**What to do**
Working from the entries that follow, transcribe exactly and only the lines from the one with "1999: Kursaal. Moneo, ante" through the last, pictures excluded.

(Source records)
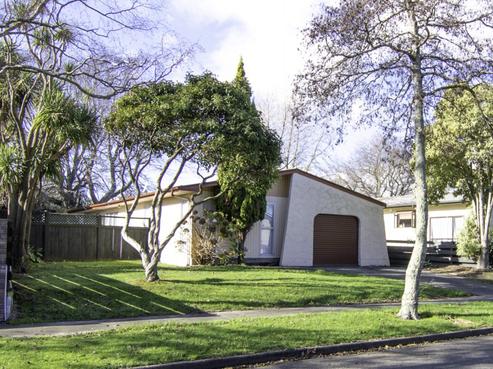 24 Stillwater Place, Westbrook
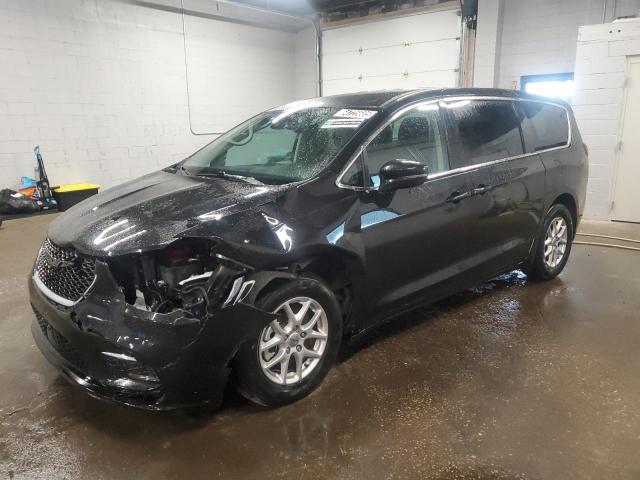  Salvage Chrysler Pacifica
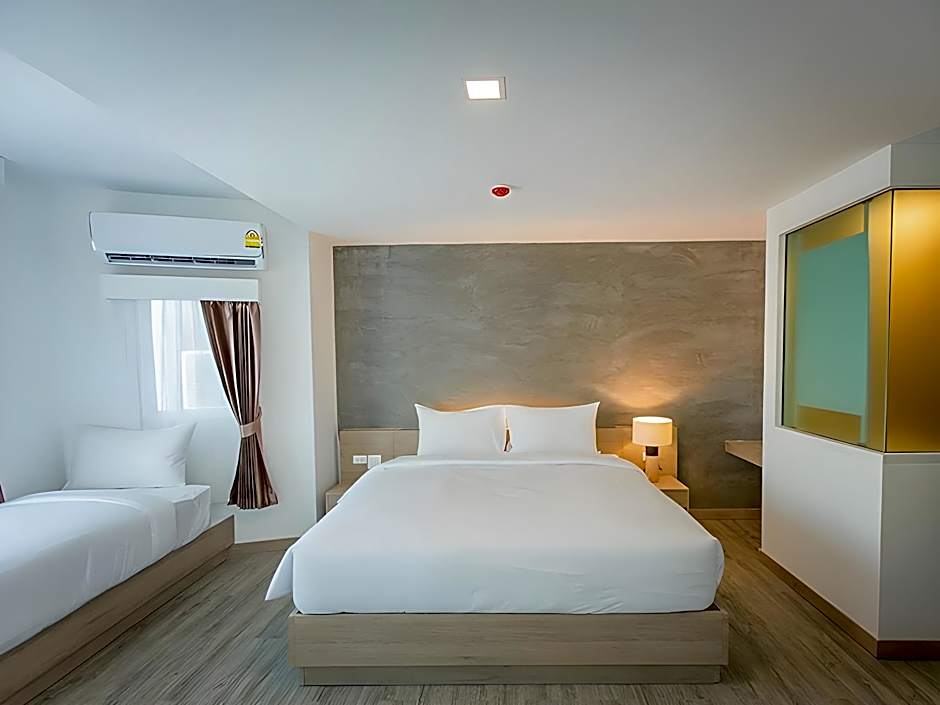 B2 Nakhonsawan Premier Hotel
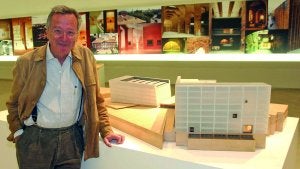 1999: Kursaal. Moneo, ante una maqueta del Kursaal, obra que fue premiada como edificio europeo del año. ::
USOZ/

**Problem solution**
 1999: Kursaal. Moneo, ante una maqueta del Kursaal, obra que fue premiada como edificio europeo del año. ::
USOZ/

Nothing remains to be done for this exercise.